Key Tracks: Brianstorm, Fluorescent Adolescent, If You Were There, Beware, 505

i thought i'd follow the first volume's format with an Australian act and since i'm playing catch up already...
Five years on from the delectable DIORAMA(2002) and messrs. Johns, Joannu & Gillies take a few steps back from that album's epic scope, a few steps towards synths and plant their feet squarely in the mainstream. Firstly after such a long wait and considering that the lead single 'Straight Lines' has been heard by anyone within twenty metres of a radio, i'm going to get this out of the way and say that i think this album is a disappointment, why? let's examine that closely shall we?
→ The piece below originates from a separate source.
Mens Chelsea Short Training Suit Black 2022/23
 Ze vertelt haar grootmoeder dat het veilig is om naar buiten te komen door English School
The opening (semi) title track, 'Young Modern Station' is a rocking way to get started, a circular riff that eventually breaks into a massive chorus designed for the anthemic singalong Silverchair have honed. Then comes the song everyone knows, with its drawn out build up, pounding rhythms and the slightly eccentric/enigmatic lyrics that are Johns staple, "washed the sickened socket and rove/resent nothing/there's good will inside of me." 'Straight Lines' is perhaps the sole reason YOUNG MODERN exists and still the best cut on the album, rivalled only by its successive track 'If You Keep Losing Sleep' a strange glam like stomp of Keyboards, marching band Snare drum and again Johns charismatic croon. The highlight comes in along after about a minute, a musical tangent where Johns stretches out "Such reduction" to a satisfactory drawl.
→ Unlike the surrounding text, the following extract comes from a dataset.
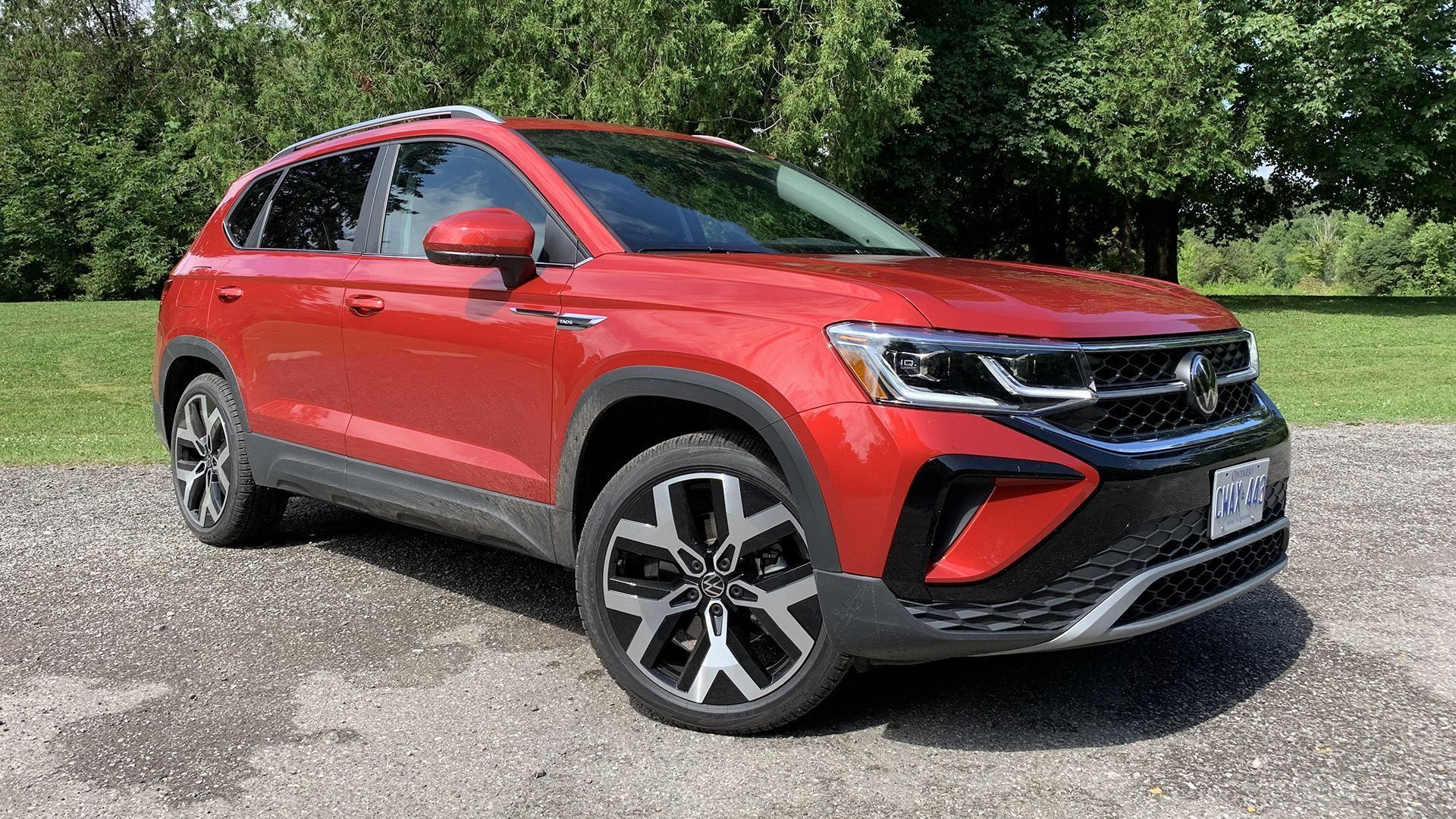2023 Volkswagen Taos | Millennial Mom's Suv Review - Reviews | Driving inside Understanding the Features of the Taos 60&quot; Wide TV Console Canyon Brown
It is worth mentioning at this point the co-operation of Julian Hamilton (of Presets & Dissociatives fame) and Paul Mac, playing all manner of keys and synths, it wouldn't be even too far to construe that they are almost as much band members as Daniel Gillies (drums) and Chris Joannu (Bass). Their input is most wonderful, but strides even further away from what some consider the 'classic Silverchair' rock sound. The grungier, distorted guitar riffage of their debut, which even managed to steal two tracks on 2002's DIORAMA, is now all but gone, replaced by a thick swaith of beautiful harmonies, slide guitar and keyboards. No great loss one would think, except this kind of texture pervades every track and the album quickly becomes tiring, a real blast of something louder and heavier would have really helped somewhere between 'Low' and 'Insomnia.' The lame blues of 'Mind Reader' is as close as we get.
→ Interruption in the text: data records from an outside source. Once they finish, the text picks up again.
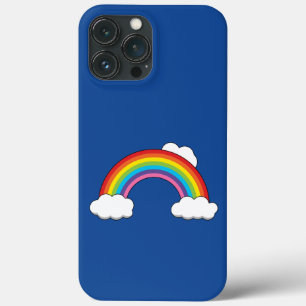 Regenboog met witte wolken Case-Mate iPhone case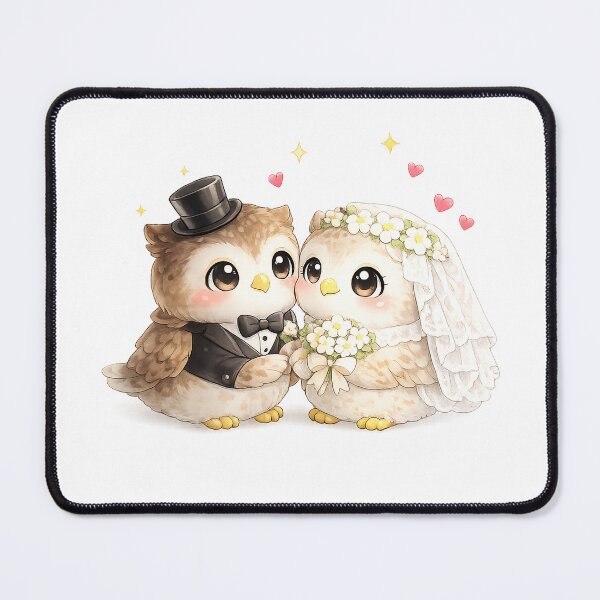 Item preview, Owl Bride Groom Bachelorette Party Wedding designed and sold by QuiteOrbit.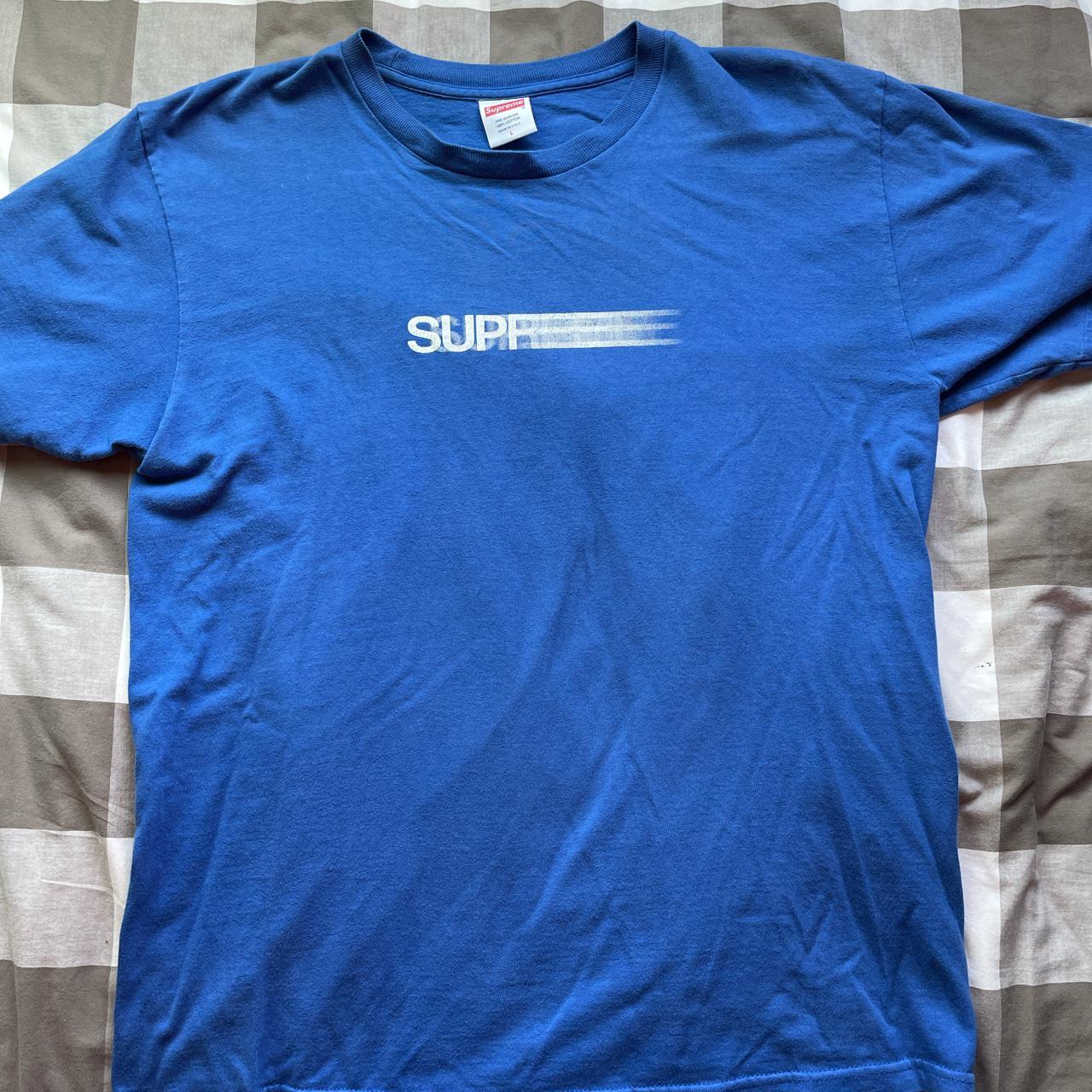 Supreme motion blur ss16 royal blue used and... - Depop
Its not all bad though, the trifekta of 'Those Thieving Birds (Part 1)/Strange Behaviour/Those Thieving Birds (Part 2)' is a beautiful track that rolls through lush orchestration, pure pop music and back again. 'Waiting All Day' too is a falsetto driven sunshine slice of a ballad, reminiscent of The Sleepy Jackson. However, once again, the main fault of the album is just doesn't quite cut enough variety away from this mould of sunny pop, everything sounds like a radio single. The final track 'All Across The World' is the worst culprit, retreading the widescreen choir of Dissociative's 'Old Man, Young Man.'

Ok so all this comes from the ranting of an old skool Silverchair fan (who believes they hit their peak with NEON BALROOM (1999)/DIORAMA (2002)), and it is clear that Silverchair are aiming for the mainstream jugular, biting hard and in that regard they are successful, albeit losing some of their edge. An above average album then, but never fear, knowing Silverchair it'll be a while before the next album, and considering Daniel John's eclectic and ever-changing tastes, the band will take some interesting steps. After all, Silverchair have never been ones to walk in straight lines.
Key Tracks: Straight Lines, If You Keep Losing Sleep, Those Thieving Birds (Part 1)/Strange Behaviour/Those Thieving Birds (Part 2), Waiting All Day

Some awesome tracks still taking up my time:-
The Rakes - We Danced Together: if you like Bloc Party, you'll love this
Malajube - Montreal, -40c: Loony Quebecian rock ahoy!
Okkervil River - Our Life Is Not A Movie Or Maybe: the first track from their forthcoming album, things sounding good
Prince - A Case Of You: a piano led soul ballad take on Joni Mitchell's classic

I think that may have been longer than the first volume, oh well, enjoy!